[PATCH] Improve performance of vector code on A15

Thu Feb 21 17:04:12 PST 2013

On Feb 21, 2013, at 11:36 AM, Tim Northover <t.p.northover at gmail.com> wrote:

> From my understanding, the sequence should be:
> 
> (mark defining instruction as ImpDef<imp-def> if it's not already)
> Scratch<def> = VDUP ImpDef, #1; DefReg<imp-use> (, PairedReg<imp-use>)
> ImpDef<def> = VDUP ImpDef, #1; DefReg<imp-use> (, PairedReg<imp-use>)
> ImpDef<def> = VEXT ImpDef, Scratch; DefReg<imp-def> (, PairedReg<imp-def>)
> 
> The other sequences also seem a little iffy, but we can probably sort
> them out together tomorrow if someone confirms I'm not off my rocker
> in this most complex case.

This looks more plausible. Adding <undef> flags on uses makes the verifier shut up, but only by lying to it.

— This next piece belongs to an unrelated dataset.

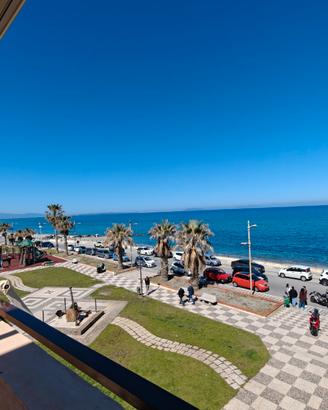 Grande trivani fronte mare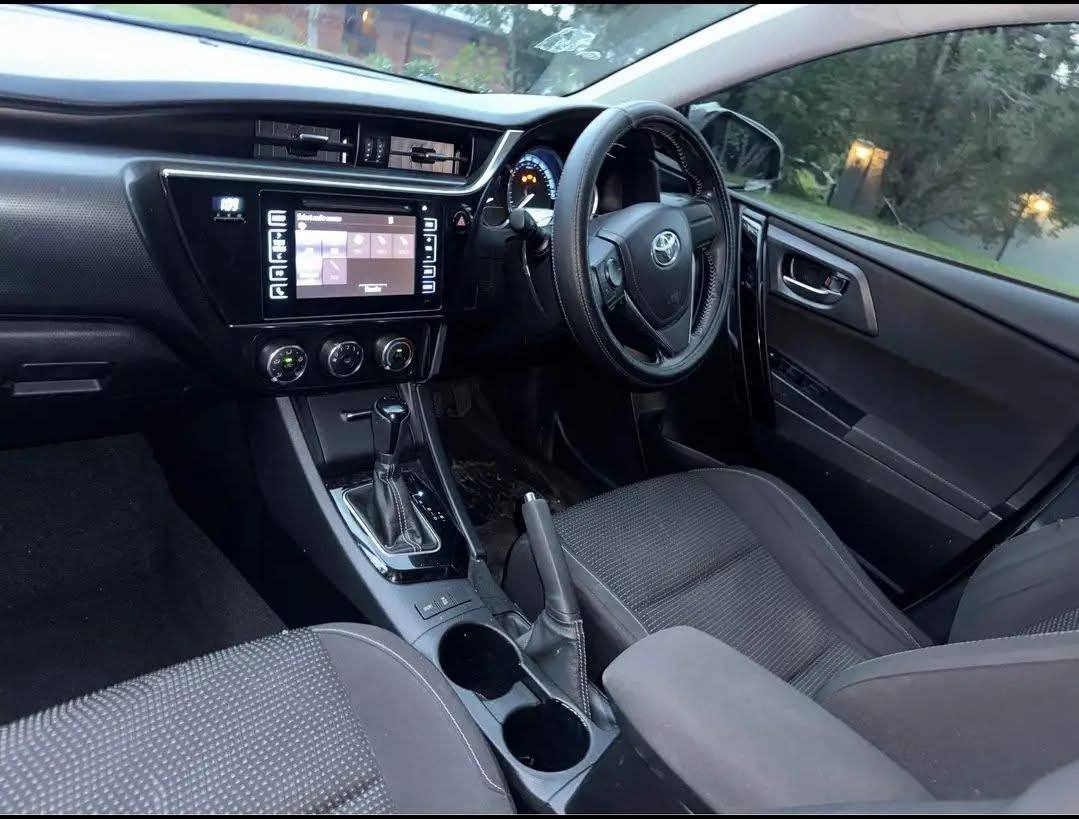 2016 Toyota Corolla sport automatic - Image 8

Passes like this are notoriously hard to get right, and it is likely to be a source of many future bugs related to sub-register liveness. It would be much easier to do this transformation before register allocation while the code is still in SSA form.

I would actually like to get rid of all the implicit operands that are currently added by the register allocator, and instead revert to a more conservative liveness model for post-RA passes. The extra complexity added by the implicit operands don't buy us a lot, and it is just too hard to work with the post-RA code as it looks now.

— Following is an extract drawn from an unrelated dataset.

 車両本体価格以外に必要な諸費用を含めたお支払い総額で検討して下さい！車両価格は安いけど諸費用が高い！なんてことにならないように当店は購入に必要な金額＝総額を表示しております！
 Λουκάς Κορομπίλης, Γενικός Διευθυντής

The conservative liveness model would only require that some part of a used register is live, the current model requires that the full register is live, which is why all the implicit operands are needed.

James, could this pass work as a preRegAlloc pass instead? Or could it even be part of isel?

X86 has the same problems with its 8-bit sub-registers, and we simply avoid generating code that uses 16-bit registers after writing the 8-bit sub-registers.

/jakob